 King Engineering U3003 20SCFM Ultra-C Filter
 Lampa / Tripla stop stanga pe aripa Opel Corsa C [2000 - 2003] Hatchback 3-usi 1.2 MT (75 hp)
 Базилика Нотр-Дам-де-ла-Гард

==

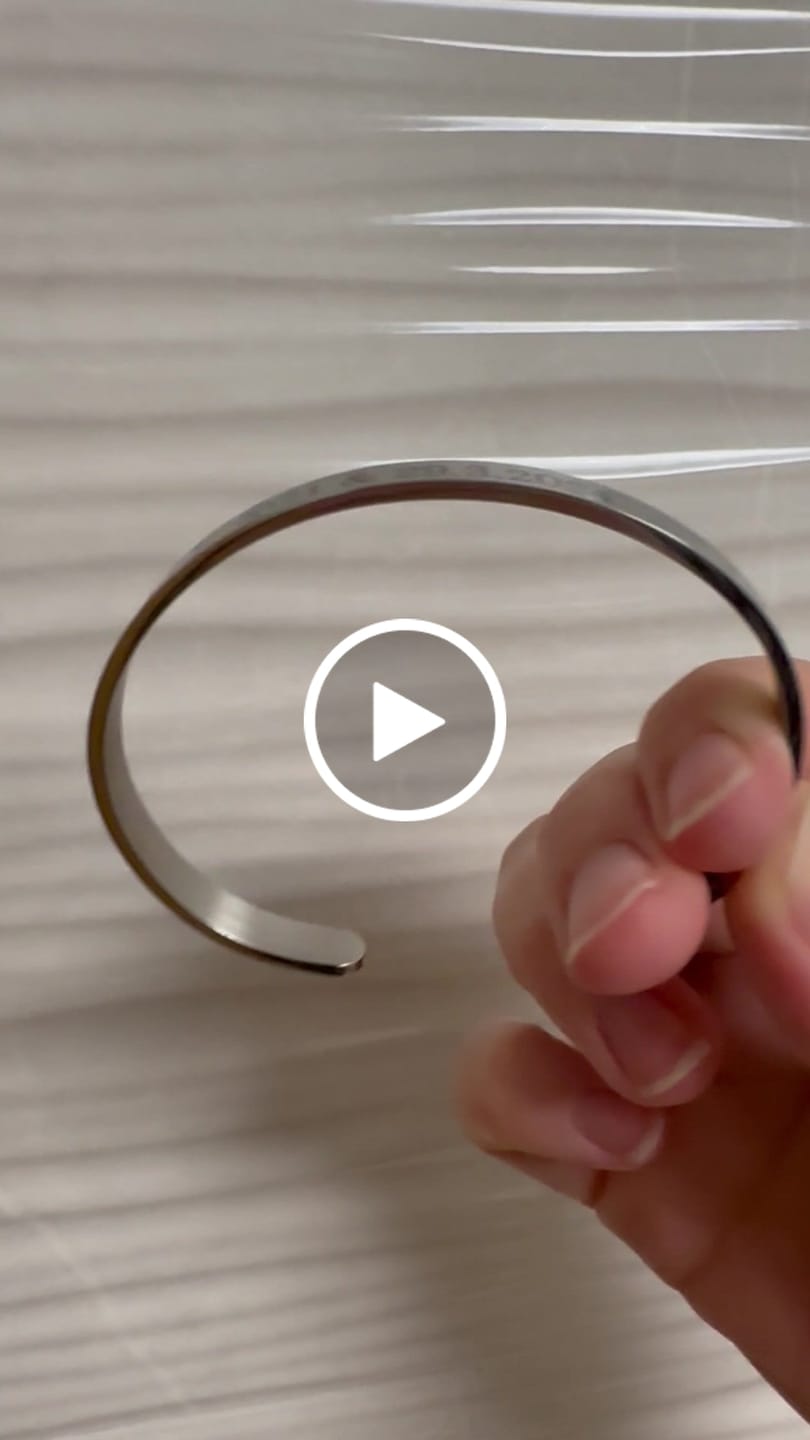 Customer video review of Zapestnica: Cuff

...

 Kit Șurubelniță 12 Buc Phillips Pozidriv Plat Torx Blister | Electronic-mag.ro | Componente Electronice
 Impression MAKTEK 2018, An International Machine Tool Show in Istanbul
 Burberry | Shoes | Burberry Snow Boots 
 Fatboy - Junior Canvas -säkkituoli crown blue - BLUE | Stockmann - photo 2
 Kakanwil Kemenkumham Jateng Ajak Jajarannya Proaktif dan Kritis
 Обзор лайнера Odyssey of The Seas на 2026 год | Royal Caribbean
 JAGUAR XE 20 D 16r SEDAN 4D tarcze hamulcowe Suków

» **ASSIGNED TASK**: Among the entries above, the lines between the ones containing "Fatboy - Junior" and "JAGUAR XE 20", inclusive, are to be transcribed exactly. No other line is to be given.

» **SOLUTION TO THIS PROBLEM**:
 Fatboy - Junior Canvas -säkkituoli crown blue - BLUE | Stockmann - photo 2
 Kakanwil Kemenkumham Jateng Ajak Jajarannya Proaktif dan Kritis
 Обзор лайнера Odyssey of The Seas на 2026 год | Royal Caribbean
 JAGUAR XE 20 D 16r SEDAN 4D tarcze hamulcowe Suków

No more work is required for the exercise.